● Work order
Give again, word for word, every line below from the one that has "Дюбель Молли М4x38" through the one that has "Jennifer connelly, aliyah", both included, and no others.

● Dataset entries
--

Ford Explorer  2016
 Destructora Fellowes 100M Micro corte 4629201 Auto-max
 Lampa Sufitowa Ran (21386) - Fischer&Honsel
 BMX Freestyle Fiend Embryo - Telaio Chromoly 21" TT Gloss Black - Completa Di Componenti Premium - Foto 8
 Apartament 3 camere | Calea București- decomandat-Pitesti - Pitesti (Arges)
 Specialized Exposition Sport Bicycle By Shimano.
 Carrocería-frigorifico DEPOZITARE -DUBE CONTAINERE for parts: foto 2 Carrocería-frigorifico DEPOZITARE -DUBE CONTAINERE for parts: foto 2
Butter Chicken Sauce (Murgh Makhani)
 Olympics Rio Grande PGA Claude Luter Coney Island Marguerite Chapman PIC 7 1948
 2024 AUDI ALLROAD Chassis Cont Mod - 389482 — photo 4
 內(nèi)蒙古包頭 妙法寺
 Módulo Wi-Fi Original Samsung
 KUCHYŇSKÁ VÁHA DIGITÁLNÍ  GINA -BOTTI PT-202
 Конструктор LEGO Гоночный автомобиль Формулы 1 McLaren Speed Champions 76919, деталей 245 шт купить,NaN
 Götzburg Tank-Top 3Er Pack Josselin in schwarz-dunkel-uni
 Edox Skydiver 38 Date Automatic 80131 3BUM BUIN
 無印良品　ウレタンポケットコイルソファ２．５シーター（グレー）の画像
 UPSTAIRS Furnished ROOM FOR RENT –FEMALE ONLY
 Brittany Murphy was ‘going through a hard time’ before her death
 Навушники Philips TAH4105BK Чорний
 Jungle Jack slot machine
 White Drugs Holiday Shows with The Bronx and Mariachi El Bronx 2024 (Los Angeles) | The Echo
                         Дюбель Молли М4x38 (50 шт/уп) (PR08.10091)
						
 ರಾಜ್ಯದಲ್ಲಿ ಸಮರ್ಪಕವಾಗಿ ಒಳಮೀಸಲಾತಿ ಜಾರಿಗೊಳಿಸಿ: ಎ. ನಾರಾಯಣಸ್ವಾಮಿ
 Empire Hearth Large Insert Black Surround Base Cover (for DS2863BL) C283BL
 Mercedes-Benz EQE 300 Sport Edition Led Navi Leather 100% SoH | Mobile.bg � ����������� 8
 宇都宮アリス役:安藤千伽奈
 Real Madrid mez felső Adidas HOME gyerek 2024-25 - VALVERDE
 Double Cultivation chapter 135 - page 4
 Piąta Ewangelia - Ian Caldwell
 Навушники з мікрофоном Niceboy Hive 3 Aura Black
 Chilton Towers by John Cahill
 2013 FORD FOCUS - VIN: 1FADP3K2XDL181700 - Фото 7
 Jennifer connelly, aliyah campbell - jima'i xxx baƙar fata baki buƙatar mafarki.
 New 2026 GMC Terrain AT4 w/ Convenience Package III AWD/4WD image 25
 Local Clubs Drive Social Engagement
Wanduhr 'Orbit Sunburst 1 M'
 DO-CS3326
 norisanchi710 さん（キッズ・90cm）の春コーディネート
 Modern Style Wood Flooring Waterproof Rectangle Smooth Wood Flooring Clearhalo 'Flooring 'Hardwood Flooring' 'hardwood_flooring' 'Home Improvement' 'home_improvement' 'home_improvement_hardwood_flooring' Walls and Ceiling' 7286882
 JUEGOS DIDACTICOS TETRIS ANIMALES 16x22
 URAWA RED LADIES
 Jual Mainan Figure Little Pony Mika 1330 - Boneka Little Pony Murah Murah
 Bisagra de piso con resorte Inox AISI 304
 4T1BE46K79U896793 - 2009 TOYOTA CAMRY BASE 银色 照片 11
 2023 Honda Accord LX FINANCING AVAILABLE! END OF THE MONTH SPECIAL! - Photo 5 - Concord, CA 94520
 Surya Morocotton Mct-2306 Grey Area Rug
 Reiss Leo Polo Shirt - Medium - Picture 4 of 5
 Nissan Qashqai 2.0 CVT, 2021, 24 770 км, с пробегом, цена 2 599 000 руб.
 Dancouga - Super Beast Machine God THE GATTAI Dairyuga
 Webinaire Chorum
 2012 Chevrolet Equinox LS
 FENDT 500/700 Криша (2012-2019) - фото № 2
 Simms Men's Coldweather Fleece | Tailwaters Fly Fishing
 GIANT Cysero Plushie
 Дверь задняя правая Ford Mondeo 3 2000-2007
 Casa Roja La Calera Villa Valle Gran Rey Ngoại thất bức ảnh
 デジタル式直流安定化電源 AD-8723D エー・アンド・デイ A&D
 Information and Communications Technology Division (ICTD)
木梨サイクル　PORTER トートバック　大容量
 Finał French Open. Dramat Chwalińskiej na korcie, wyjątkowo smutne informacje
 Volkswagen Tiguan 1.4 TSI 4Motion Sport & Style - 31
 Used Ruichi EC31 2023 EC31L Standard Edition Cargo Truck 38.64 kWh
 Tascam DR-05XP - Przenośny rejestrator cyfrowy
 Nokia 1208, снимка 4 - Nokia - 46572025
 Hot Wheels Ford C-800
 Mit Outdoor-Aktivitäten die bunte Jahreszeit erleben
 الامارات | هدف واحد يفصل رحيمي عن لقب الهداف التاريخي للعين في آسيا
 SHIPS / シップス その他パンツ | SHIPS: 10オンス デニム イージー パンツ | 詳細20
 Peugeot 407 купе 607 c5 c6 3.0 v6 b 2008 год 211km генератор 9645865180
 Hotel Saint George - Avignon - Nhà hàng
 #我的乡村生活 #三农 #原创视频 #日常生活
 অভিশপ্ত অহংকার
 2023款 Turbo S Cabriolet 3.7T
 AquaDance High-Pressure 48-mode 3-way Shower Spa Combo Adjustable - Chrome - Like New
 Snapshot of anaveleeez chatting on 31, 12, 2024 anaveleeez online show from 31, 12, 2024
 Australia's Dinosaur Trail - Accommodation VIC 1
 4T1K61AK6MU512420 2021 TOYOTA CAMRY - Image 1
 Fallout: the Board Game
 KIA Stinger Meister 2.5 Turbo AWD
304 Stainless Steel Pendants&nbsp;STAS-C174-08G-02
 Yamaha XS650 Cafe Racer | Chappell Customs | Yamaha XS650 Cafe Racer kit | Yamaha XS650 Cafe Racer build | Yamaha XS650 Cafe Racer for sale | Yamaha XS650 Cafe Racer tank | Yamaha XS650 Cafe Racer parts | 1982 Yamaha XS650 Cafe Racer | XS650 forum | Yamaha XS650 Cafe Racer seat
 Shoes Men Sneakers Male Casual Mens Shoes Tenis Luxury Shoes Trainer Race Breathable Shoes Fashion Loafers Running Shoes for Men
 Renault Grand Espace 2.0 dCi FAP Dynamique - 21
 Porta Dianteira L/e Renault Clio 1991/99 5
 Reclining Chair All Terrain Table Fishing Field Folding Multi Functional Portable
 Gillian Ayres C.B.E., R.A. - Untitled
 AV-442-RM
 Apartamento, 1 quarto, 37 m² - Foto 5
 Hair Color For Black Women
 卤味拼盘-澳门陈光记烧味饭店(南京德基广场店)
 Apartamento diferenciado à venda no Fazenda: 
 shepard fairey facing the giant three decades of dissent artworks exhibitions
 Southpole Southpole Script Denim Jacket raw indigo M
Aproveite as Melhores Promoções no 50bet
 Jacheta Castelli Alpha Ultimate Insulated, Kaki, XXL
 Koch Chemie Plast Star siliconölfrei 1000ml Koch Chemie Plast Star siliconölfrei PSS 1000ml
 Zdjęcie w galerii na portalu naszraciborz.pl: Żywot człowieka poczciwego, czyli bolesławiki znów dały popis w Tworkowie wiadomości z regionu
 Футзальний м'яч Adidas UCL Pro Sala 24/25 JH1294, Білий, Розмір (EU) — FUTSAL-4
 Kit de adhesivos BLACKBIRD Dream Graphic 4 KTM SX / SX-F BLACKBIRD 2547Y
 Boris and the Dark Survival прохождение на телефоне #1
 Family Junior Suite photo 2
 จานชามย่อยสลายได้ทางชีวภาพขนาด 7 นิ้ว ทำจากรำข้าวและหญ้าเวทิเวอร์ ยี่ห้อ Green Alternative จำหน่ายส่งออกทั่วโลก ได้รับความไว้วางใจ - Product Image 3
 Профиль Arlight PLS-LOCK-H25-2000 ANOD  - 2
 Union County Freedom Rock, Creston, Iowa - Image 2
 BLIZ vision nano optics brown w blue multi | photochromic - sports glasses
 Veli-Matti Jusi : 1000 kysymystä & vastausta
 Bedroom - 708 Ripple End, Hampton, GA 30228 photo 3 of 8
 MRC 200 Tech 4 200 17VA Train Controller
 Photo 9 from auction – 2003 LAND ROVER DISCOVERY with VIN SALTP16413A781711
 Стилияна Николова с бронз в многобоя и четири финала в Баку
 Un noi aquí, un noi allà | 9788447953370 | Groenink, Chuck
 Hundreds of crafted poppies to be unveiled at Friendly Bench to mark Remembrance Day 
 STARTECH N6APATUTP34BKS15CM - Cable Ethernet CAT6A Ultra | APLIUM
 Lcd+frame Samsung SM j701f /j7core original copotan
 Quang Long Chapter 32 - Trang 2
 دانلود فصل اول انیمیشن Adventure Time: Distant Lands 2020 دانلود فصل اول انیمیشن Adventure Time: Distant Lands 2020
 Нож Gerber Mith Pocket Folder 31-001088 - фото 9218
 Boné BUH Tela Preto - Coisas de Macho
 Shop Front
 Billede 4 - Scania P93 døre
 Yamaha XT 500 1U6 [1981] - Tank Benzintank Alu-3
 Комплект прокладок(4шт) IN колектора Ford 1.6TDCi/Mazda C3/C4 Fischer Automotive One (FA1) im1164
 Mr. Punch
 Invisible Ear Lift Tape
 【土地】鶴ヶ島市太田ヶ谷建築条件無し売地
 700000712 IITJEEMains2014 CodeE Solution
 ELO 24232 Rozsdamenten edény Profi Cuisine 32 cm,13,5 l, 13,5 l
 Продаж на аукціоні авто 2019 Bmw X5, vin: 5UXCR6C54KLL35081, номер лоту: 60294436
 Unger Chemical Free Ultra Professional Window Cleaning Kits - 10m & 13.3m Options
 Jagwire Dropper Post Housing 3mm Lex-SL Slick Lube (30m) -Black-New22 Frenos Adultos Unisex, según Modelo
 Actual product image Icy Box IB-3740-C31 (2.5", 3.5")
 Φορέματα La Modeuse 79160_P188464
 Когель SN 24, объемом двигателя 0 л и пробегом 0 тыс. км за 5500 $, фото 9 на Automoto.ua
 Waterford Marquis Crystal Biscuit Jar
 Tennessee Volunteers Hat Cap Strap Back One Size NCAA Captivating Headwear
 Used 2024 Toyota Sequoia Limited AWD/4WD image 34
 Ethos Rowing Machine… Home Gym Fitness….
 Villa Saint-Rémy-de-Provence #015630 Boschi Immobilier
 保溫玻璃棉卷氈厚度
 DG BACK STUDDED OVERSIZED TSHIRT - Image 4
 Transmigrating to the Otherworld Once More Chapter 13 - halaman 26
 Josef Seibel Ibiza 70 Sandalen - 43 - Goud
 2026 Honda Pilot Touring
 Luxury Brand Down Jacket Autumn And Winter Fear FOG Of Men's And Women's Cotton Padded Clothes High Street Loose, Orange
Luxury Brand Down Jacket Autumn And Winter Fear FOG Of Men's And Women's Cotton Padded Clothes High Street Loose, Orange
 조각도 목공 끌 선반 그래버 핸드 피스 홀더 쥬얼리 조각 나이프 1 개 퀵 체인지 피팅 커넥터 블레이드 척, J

--

● Reply to the exercise
                         Дюбель Молли М4x38 (50 шт/уп) (PR08.10091)
						
 ರಾಜ್ಯದಲ್ಲಿ ಸಮರ್ಪಕವಾಗಿ ಒಳಮೀಸಲಾತಿ ಜಾರಿಗೊಳಿಸಿ: ಎ. ನಾರಾಯಣಸ್ವಾಮಿ
 Empire Hearth Large Insert Black Surround Base Cover (for DS2863BL) C283BL
 Mercedes-Benz EQE 300 Sport Edition Led Navi Leather 100% SoH | Mobile.bg � ����������� 8
 宇都宮アリス役:安藤千伽奈
 Real Madrid mez felső Adidas HOME gyerek 2024-25 - VALVERDE
 Double Cultivation chapter 135 - page 4
 Piąta Ewangelia - Ian Caldwell
 Навушники з мікрофоном Niceboy Hive 3 Aura Black
 Chilton Towers by John Cahill
 2013 FORD FOCUS - VIN: 1FADP3K2XDL181700 - Фото 7
 Jennifer connelly, aliyah campbell - jima'i xxx baƙar fata baki buƙatar mafarki.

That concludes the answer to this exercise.